──────── Material for this task ────────

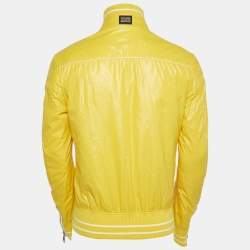 Pre Owned Dolce & Gabbana Yellow Nylon Zip Front Bomber Jacket M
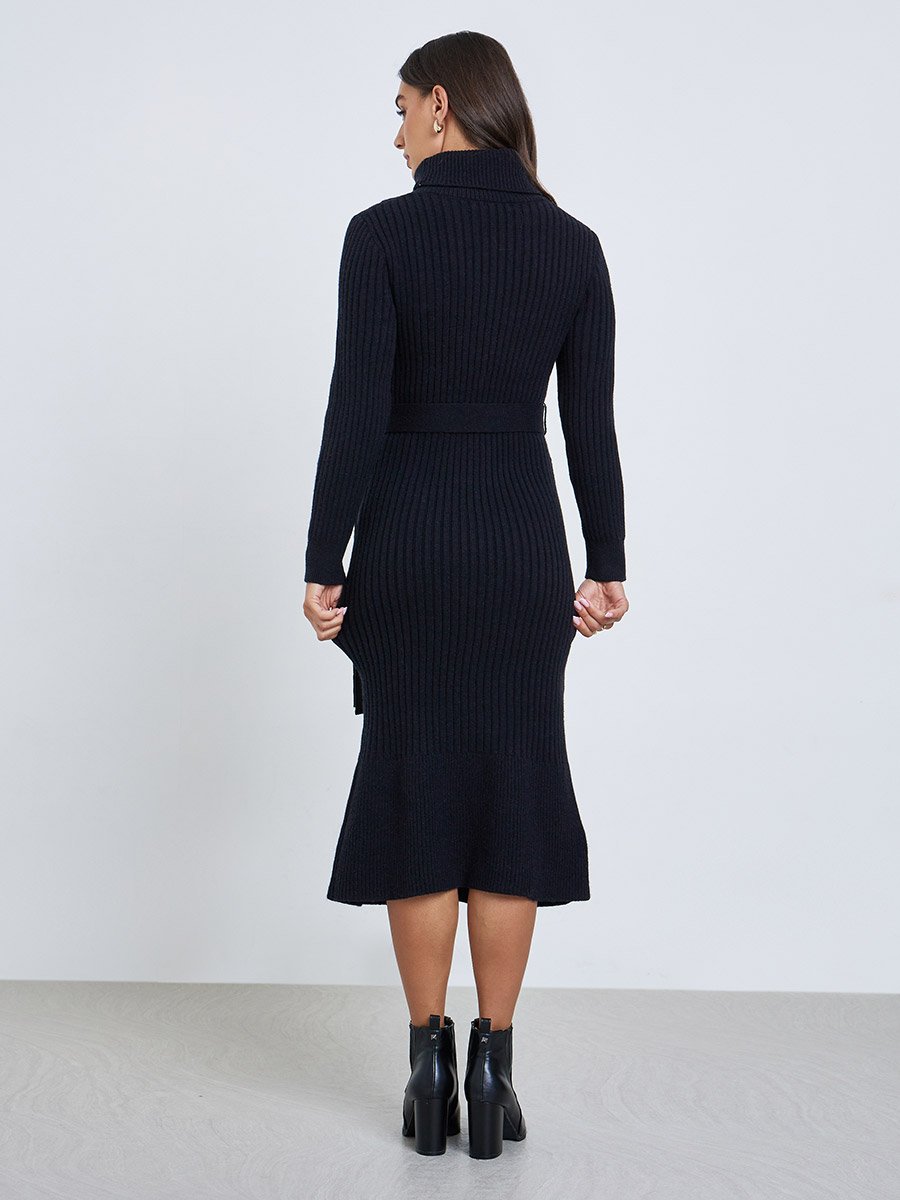 Black Ribbed Knit Sweater Midi Dress with Belt
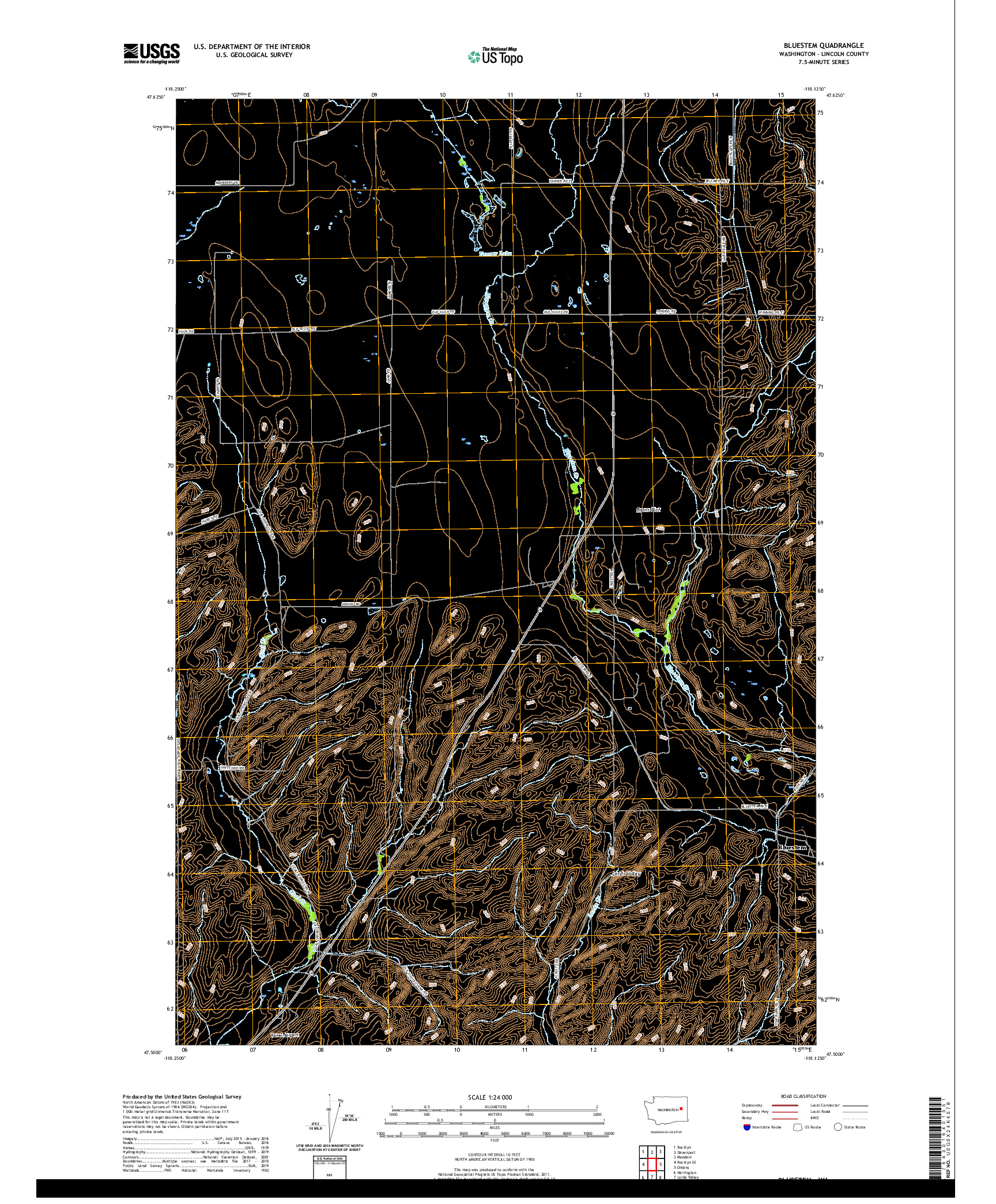 USGS US TOPO 7.5-MINUTE MAP FOR BLUESTEM, WA 2020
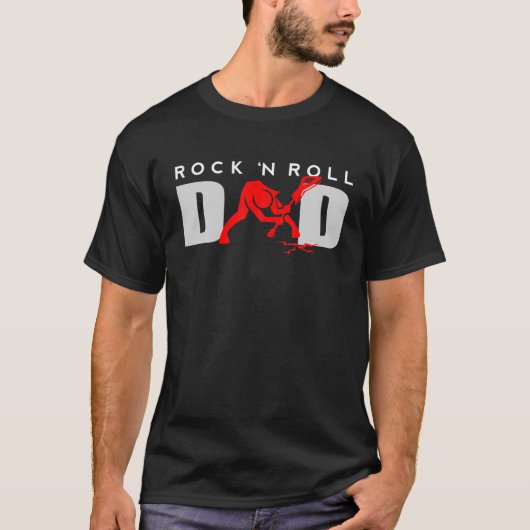 Rock N Roll Dad Day -  Guitar Playe T-shirt (Voorkant)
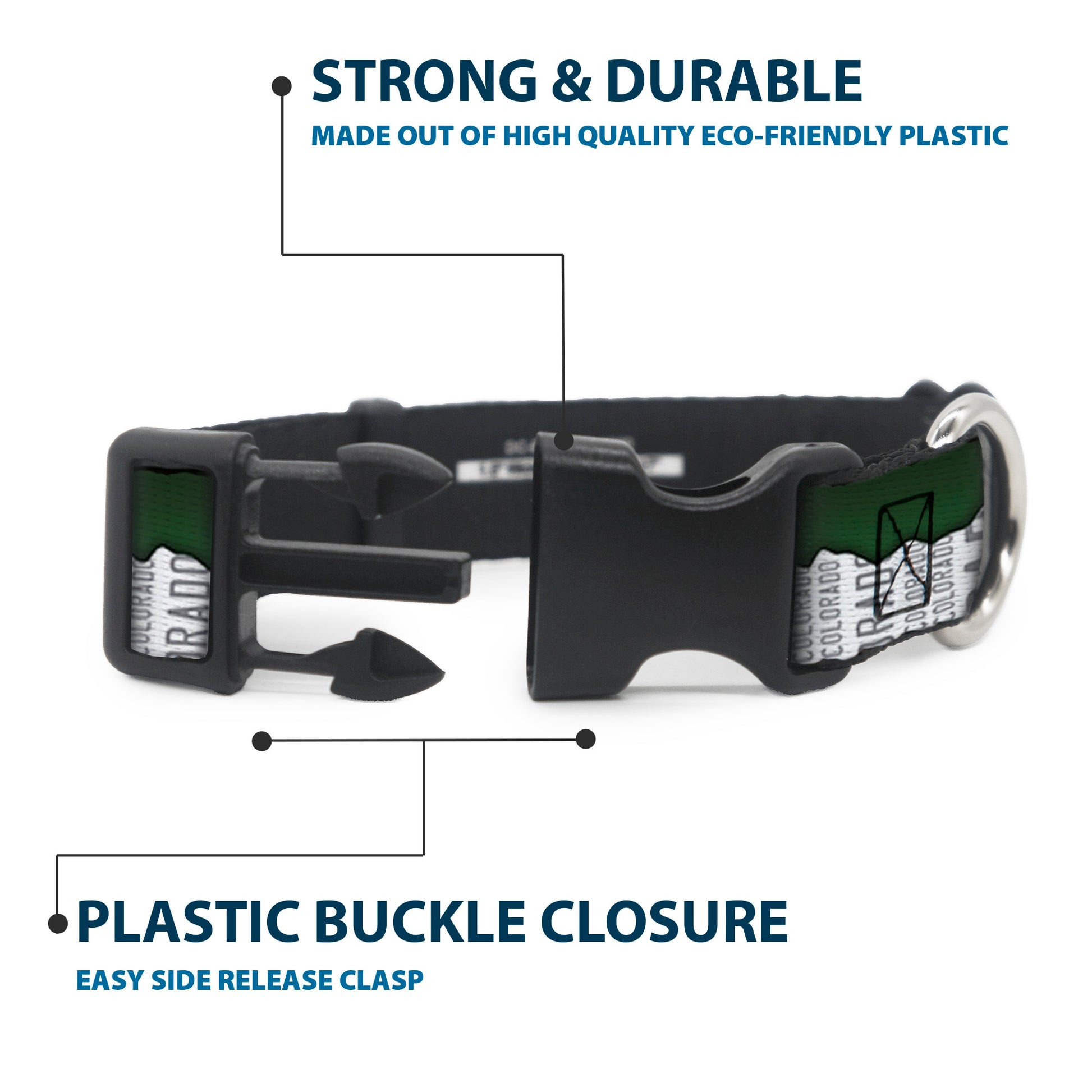 Plastic Clip Collar - Colorado Mountains Green/White/Gray Text Plastic Clip Collars Buckle-Down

────────

- _About this exercise_: Print every entry above again without changing a word, and omit the pictures.

- _Solution_:
 Pre Owned Dolce & Gabbana Yellow Nylon Zip Front Bomber Jacket M
 Black Ribbed Knit Sweater Midi Dress with Belt
 USGS US TOPO 7.5-MINUTE MAP FOR BLUESTEM, WA 2020
 Rock N Roll Dad Day -  Guitar Playe T-shirt (Voorkant)
 Plastic Clip Collar - Colorado Mountains Green/White/Gray Text Plastic Clip Collars Buckle-Down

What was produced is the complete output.